For "A Warning to the Curious", "Seaburgh" (a disguised version of Aldeburgh, Suffolk) was filmed on the coast of North Norfolk at Holkham Beach and Holkham Wood at Holkham Gap, Happisburgh, Wells-next-the-Sea and at the Sheringham and Weybourne stations of the North Norfolk Railway. Clark recalls filming in North Norfolk in late February, with consistently fine cold weather "with a slight winter haze which gave exactly the right depth and sense of mystery to the limitless vistas of the shoreline there."

=== Music ===
A Warning to a Curious did not have an original score composed for it, but although Clark talks about using "stock music", Adam Scovell, analysing the aural aesthetics of the BBC Ghost Stories, notes that the film makes use of what were then new, avant-garde classical works found in the BBC's gramophone library at Egton House. György Ligeti's Atmosphères in particular is used within the film to signify the presence of the ghost of William Ager.

- Atmosphères - Symphony Orchestra of the Southwest German Radio, Baden Baden; Conductor: Ernest Bour (György Ligeti) [Heliodor – 2549 003]
- Density 21.5 - Flute: Severino Gazzelloni (Edgard Varèse) [Heliodor – 2549 002]
- Concerto for Cello and Orchestra - Hessian Radio Symphony Orchestra; Cello: Siegfried Palm; Conductor: Michael Gielen (György Ligeti) [Heliodor – 2549 004]
- Streichquartett No. 2 (i): Allegro Nervoso" and "(iv): Presto Furioso, Brutale, Tumultoso" - LaSalle-Quartett; Cello: Jack Kirstein (György Ligeti) [Deutsche Grammophon, Avantgarde 2561 040]

== Home video ==
"A Warning to the Curious" was first released on home video by the BFI alongside separate releases of "Whistle and I'll Come to You" (1968) and "The Signalman" (1976) on VHS in 2002 and DVD in 2003. It was released on DVD in Australia in 2011 by Shock Entertainment as part of the box set The Complete Ghost Stories of M. R. James.

In 2012, to mark the 150th anniversary of James' birth, it was rereleased on DVD by the BFI, now alongside "The Stalls of Barchester" (1971) in the same release, and the entire run of A Ghost Story for Christmas from 1971-2010 was released in a DVD box set, which was updated the following year to include additional material. All three releases featured an essay on "A Warning to the Curious" by writer Adam Easterbrook and a filmed introduction by Lawrence Gordon Clark.
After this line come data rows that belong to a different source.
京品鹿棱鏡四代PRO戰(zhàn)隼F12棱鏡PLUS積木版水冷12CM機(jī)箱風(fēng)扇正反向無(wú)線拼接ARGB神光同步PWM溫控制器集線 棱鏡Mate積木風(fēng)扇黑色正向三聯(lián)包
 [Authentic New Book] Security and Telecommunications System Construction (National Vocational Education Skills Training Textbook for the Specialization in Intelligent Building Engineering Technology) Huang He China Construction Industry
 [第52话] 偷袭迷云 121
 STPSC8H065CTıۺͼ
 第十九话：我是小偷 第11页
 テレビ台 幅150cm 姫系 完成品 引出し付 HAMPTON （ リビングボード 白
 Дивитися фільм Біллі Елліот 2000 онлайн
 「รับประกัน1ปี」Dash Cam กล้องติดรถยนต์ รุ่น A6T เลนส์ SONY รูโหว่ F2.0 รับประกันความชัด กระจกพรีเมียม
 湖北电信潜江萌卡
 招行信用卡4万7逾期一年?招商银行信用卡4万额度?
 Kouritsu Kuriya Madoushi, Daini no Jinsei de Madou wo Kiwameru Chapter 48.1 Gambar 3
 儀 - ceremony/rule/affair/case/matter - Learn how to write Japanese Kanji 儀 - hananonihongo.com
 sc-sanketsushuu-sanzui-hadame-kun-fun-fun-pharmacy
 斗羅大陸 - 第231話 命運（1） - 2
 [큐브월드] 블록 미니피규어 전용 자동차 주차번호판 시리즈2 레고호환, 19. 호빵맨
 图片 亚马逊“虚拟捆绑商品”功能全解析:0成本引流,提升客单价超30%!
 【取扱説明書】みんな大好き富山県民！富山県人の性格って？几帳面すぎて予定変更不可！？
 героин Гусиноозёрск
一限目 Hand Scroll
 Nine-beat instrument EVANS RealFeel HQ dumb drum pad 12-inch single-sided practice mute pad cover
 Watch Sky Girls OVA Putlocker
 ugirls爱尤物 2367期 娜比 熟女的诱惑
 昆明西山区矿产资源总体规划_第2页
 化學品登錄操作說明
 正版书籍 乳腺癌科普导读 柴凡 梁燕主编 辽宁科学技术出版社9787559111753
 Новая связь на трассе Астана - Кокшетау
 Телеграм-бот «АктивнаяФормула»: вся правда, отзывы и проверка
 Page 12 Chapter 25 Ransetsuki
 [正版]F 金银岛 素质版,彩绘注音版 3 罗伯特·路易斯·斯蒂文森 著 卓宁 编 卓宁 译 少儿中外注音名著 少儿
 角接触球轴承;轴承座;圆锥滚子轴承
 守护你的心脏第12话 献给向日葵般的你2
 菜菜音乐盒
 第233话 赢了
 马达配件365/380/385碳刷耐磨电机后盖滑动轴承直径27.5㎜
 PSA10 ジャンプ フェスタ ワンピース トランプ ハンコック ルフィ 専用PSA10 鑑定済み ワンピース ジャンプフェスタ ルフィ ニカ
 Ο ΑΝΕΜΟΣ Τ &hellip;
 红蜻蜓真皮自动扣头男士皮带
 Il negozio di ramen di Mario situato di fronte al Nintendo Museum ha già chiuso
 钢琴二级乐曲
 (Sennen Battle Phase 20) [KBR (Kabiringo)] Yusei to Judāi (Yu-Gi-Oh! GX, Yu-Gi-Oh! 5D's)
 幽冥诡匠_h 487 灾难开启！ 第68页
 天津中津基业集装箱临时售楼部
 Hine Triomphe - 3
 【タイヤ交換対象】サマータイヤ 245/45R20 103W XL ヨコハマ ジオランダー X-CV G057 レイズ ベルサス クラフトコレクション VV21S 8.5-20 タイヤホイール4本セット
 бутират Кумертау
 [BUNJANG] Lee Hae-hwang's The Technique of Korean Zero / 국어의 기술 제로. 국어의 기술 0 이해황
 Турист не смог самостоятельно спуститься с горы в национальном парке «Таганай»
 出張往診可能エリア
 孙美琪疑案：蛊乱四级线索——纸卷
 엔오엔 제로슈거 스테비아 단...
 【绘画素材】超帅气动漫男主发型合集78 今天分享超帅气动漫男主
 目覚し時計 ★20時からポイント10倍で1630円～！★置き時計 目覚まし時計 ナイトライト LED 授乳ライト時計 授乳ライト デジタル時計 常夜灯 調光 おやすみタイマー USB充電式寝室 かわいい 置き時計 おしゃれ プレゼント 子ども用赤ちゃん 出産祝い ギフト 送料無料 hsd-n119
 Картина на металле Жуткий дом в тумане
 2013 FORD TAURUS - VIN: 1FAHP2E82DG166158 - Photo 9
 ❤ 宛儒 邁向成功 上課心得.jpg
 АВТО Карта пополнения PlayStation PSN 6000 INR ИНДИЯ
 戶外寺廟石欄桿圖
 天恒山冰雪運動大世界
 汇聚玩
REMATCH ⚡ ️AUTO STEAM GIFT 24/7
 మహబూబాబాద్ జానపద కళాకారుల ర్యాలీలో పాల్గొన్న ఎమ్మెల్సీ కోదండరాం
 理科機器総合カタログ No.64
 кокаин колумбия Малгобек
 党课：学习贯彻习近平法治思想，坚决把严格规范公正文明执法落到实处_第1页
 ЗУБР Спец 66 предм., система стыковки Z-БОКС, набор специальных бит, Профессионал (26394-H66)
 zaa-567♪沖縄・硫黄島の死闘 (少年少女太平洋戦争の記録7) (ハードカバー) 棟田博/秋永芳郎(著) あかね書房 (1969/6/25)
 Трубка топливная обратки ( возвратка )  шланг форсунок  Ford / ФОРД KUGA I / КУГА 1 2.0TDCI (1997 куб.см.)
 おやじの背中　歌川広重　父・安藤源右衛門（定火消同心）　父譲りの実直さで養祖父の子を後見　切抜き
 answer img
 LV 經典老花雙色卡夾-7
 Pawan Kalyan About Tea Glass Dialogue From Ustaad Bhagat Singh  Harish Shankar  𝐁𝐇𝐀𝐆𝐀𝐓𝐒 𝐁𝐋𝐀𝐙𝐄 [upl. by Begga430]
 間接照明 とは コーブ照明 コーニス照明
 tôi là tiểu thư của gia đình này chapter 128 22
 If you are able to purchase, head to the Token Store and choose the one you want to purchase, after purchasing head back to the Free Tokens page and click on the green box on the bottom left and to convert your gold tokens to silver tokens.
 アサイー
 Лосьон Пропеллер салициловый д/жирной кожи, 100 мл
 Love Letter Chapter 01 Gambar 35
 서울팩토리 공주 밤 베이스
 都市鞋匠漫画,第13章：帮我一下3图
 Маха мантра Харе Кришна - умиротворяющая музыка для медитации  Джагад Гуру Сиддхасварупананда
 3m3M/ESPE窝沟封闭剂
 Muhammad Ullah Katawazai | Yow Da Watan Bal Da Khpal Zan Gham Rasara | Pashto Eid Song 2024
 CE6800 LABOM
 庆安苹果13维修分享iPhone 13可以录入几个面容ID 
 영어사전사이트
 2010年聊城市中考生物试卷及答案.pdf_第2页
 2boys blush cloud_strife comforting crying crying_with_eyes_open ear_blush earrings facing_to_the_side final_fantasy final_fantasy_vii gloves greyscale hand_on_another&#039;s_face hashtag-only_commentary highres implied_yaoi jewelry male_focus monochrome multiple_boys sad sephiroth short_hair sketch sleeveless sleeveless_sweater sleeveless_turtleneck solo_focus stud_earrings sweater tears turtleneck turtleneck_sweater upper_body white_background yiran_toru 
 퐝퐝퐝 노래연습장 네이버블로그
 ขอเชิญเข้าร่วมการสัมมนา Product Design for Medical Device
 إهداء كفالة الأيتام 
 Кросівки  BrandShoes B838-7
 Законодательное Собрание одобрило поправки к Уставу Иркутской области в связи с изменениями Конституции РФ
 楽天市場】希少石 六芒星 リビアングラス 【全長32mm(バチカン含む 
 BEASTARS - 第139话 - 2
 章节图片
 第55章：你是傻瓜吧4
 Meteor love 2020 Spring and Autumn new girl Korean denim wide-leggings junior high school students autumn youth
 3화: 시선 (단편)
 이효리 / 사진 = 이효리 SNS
In 2022 it was remastered in 2k resolution by the BFI and released on Blu-ray alongside "Whistle and I'll Come to You" (1968 and 2010), "The Stalls of Barchester", and "Lost Hearts" (1973) as Ghost Stories for Christmas - Volume 1. This included Adam Easterbrook's essay, the Lawrence Gordon Clark introduction, and a newly-recorded commentary by TV historian Jon Dear.